The body depends on the brain for instructions for all of its functions - breathing, eating, talking, moving and thinking. Each part of the brain has specific functions it controls. In fact, the more the brain is studied the more that is learned about the very detailed areas and their functions. Thus, brain cells must have a steady supply of oxygen and nutrients, such as glucose, in order to function properly.

Brain cells are very delicate. When a blood vessel ruptures, or is blocked, and disrupts the blood supply for more than a few minutes the cells may be killed or permanently damaged. The result is a stroke. Other names for stroke include cerebral vascular accident (CVA); ruptured aneurysm; cerebral or brain hemorrhage; cerebral infarction, and ischemic attack.

Traumatic Brain Injury

Head injury causes more deaths and disabilities than any other neurologic cause in individuals under age 34. Over 80% of all head injuries are due to road accidents. Other causes include falls, gunshot wounds and other interpersonal violence.

Due to improved emergency medicine and improved diagnostic and neurosurgical techniques, the survival rate of the head-injured person has increased dramatically. The very young tend to have the best chance of surviving and recovering from a brain injury.

There are two types of injuries as the result of TBI, with a range of effects.
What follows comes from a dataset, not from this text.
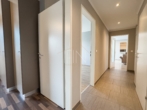Gang - Moderne, sonnige 3‑Zimmer-​Wohnung mit 50m² Dachterrasse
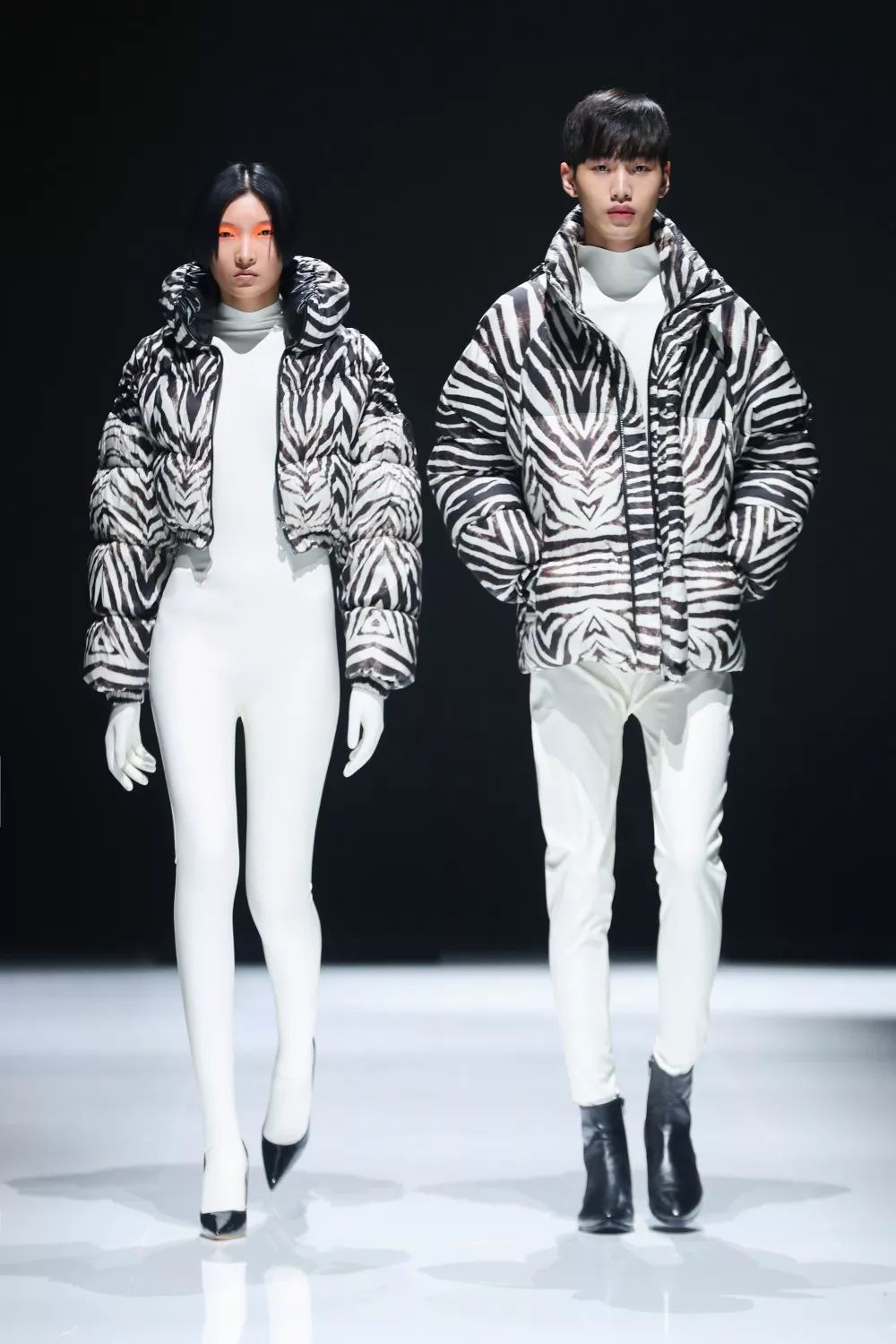 波司登特别的品牌联名款,波司登爱马仕联名款男款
The first type is primary. Of those, there are three different effects:

  • Direct and blunt - (acceleration, deceleration injuries, skull fractures, scalp lacerations, coup and countercoup injuries). These injuries are often widespread and diffuse.
  • Direct and Penetrating - (bullet wounds, sharp objects, crushed skull). These usually produce an area of localized damage.
  • Indirect - (flexion and extension injuries of the cervical spine, whiplash, fall on buttocks). These injuries tend to be comparatively mild.

The other type of injury is secondary.

These secondary insults happen to the brain after the initial injury. Bleeding inside the brain may occur and accumulation of blood may put pressure on the brain tissue and cause further damage. Blood flow to other parts of the brain may be cut off due to swelling of the brain tissue, and damage occurs when it tries to expand in the limited area of the skull.

Post-traumatic epilepsy is another factor to deal with. Early onset epilepsy occurs in the first week after injury; late onset occurs after the first week. Approximately 75% of brain injured patients will have their first seizure within the first year, the remaining 25% within four years.